・-----日本経済新聞、2011/11/20
------小水力発電ニュース------
「全量買い取り」追い風 特区申請 手続き簡素に
企業と自治体が連携し、中小河川や農業用水を利用した小規模水力発電所を建設する。野村ホールディングスは栃木県と、三井金属は岐阜県と検討を始めた。河川が豊富な日本では小水力発電の開発余地は大きい。来年からの再生可能エネルギーの全量買い取り制度の開始を控え、自治体が普及の壁になっている水利権の手続きを簡素化する特区を申請、企業の早期事業化を後押しする。
地元金融も資金
野村HDの全額出資子会社である野村アグリプランニング&アドバイザリー(東京・千代田)は栃木県で小水力発電所の開発に乗り出す。来春にも出力10キロワット程度の発電機を栃木県内の農業用水路2カ所に置いて事業化調査を始め、2013年度にも商用化する。
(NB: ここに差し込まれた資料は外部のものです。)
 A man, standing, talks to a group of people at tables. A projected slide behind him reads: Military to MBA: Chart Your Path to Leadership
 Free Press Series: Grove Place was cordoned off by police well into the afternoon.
12年度にも開発にあたる特定目的会社(SPC)を設立。地元金融機関や企業から事業資金10億円を集める見通し。栃木県は計画を前提に政府が新成長戦略に沿って創設する「地域活性化総合特区」の指定を申請。水利権を巡る煩雑な手続きを軽減する。最終的に県内100カ所近くで発電所を開発する方針だ。
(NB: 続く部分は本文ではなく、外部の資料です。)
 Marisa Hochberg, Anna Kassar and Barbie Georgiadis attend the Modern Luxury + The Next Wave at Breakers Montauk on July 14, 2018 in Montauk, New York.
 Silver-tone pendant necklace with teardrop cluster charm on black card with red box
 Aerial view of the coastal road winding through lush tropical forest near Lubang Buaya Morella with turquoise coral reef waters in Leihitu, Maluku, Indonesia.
三井金属子会社で鉱物リサイクルを手掛ける神岡鉱業(岐阜県飛騨市)は13年にも、旧鉱山の敷地内を流れる2つの川の水を使った水力発電所を建設する。出力は1カ所600キロワット、投資額は10億円前後。発電した電気は地元の電力会社に販売する。
岐阜県も国に特区を申請した。そのほか、長野県内の飯山市や駒ケ根市など6市町村や群馬県も小水力発電を念頭に置いた特区を申請済み。指定は年内にも結果が出る見込みだ。
特区以外でも、日本工営は鹿児島県伊佐市と連携し、12月から出力460キロワットの水力発電所を建設する。13年4月に運転開始の見通し。使われなくなっていた水力発電所の遺構を市から借り受け、4億円強を投じて発電所を新設する。
東京電力子会社の東京発電(東京・港)も今年2月、茨城県北茨城市から譲渡を受けた水力発電所の遺構を再整備して出力130キロワットの発電所の運転を始めた。